[Start of Attachment]
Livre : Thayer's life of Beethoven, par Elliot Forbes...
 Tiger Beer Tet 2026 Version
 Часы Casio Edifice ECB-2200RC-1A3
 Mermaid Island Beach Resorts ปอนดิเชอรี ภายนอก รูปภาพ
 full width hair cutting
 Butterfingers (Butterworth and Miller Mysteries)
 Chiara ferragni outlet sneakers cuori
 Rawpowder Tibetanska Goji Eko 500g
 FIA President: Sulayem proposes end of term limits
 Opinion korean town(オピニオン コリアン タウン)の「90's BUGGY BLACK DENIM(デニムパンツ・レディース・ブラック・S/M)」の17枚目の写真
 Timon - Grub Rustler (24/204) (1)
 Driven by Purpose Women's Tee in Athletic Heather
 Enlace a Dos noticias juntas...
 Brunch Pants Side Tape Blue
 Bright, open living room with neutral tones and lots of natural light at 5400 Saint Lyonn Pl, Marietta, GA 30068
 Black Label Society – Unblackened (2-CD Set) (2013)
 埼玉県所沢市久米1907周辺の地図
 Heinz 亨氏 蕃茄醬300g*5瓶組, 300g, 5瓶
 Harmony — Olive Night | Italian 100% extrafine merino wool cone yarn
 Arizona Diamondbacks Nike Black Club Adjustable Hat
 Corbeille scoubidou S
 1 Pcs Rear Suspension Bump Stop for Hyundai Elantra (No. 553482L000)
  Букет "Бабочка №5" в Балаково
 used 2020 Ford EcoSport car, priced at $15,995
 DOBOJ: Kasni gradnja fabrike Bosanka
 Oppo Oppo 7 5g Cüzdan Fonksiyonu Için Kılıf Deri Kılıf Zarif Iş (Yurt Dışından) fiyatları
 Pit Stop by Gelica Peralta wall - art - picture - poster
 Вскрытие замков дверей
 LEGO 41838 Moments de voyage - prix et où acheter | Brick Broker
[End of Attachment]
TASK ITEM
Write the data above out again in full, with every word as given.

WRITTEN RESPONSE
Livre : Thayer's life of Beethoven, par Elliot Forbes...
 Tiger Beer Tet 2026 Version
 Часы Casio Edifice ECB-2200RC-1A3
 Mermaid Island Beach Resorts ปอนดิเชอรี ภายนอก รูปภาพ
 full width hair cutting
 Butterfingers (Butterworth and Miller Mysteries)
 Chiara ferragni outlet sneakers cuori
 Rawpowder Tibetanska Goji Eko 500g
 FIA President: Sulayem proposes end of term limits
 Opinion korean town(オピニオン コリアン タウン)の「90's BUGGY BLACK DENIM(デニムパンツ・レディース・ブラック・S/M)」の17枚目の写真
 Timon - Grub Rustler (24/204) (1)
 Driven by Purpose Women's Tee in Athletic Heather
 Enlace a Dos noticias juntas...
 Brunch Pants Side Tape Blue
 Bright, open living room with neutral tones and lots of natural light at 5400 Saint Lyonn Pl, Marietta, GA 30068
 Black Label Society – Unblackened (2-CD Set) (2013)
 埼玉県所沢市久米1907周辺の地図
 Heinz 亨氏 蕃茄醬300g*5瓶組, 300g, 5瓶
 Harmony — Olive Night | Italian 100% extrafine merino wool cone yarn
 Arizona Diamondbacks Nike Black Club Adjustable Hat
 Corbeille scoubidou S
 1 Pcs Rear Suspension Bump Stop for Hyundai Elantra (No. 553482L000)
  Букет "Бабочка №5" в Балаково
 used 2020 Ford EcoSport car, priced at $15,995
 DOBOJ: Kasni gradnja fabrike Bosanka
 Oppo Oppo 7 5g Cüzdan Fonksiyonu Için Kılıf Deri Kılıf Zarif Iş (Yurt Dışından) fiyatları
 Pit Stop by Gelica Peralta wall - art - picture - poster
 Вскрытие замков дверей
 LEGO 41838 Moments de voyage - prix et où acheter | Brick Broker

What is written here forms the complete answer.